# PROFESSIONAL BAKING by Gisslen 6th ed



## kokopuffs (Aug 4, 2000)

Okay many members here who've read my posts and viewed my photos are aware of my tart crust and bread baking abilities. Will the above mentioned book elevate me to the next level??? And I already use Ruhlman's RATIO for reference.


----------



## minas6907 (Aug 14, 2012)

Personally I prefer Cia's Baking and Pastry, but Professional Baking is a good reference as well. Really, my best advice with books like these is to just get an older edition, you'll save alot of money. Tje newer ones look shiney and usually have some newer pics, but when you compare the new edition and a older edition side by side, you see the same photos and formulas. For the price of a new 6th edition, id get used older editions of Professional Baking, Baking and Pastry, and On Baking. Those three books will be all the references you need.


----------



## highlander01 (Apr 30, 2010)

For bread have you checked out "The Bread Bakers Apprentice" by Peter Rienhart?


----------



## kokopuffs (Aug 4, 2000)

minas6907 said:


> Personally I prefer Cia's Baking and Pastry, but Professional Baking is a good reference as well.........





highlander01 said:


> For bread have you checked out "The Bread Bakers Apprentice" by Peter Rienhart?.....

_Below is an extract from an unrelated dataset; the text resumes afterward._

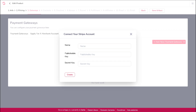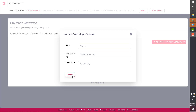This is private security information that is specific to your Stripe account. If you need additional help to obtain this data, contact Stripe directly so they can assist you securely. After you have entered in this information, click on 'Create' to connect your Stripe account.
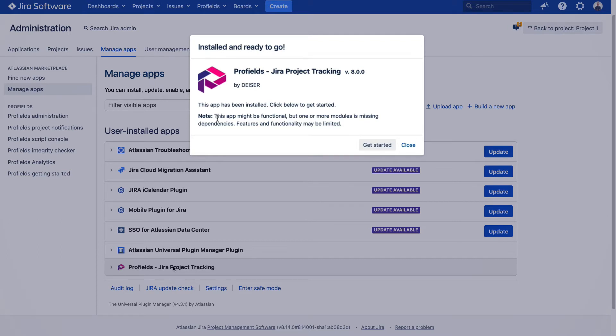Hi, welcome to the overview video of ProFields predefined fields. More than a functionality, ProFields introduces a concept that accelerates the configuration process and enhances the user experience during their first steps with the app.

I'm more interested in pastries at this time and since when I last posted here, five years ago.


----------



## kokopuffs (Aug 4, 2000)

*On Baking* by who?????? By Labensky?


----------



## brianshaw (Dec 18, 2010)




----------



## kokopuffs (Aug 4, 2000)

I've used the BBA from a long time ago and that edition needed a bit of proof reading. I'm now competent in bread baking and really like Hamelman's book on the subject.


----------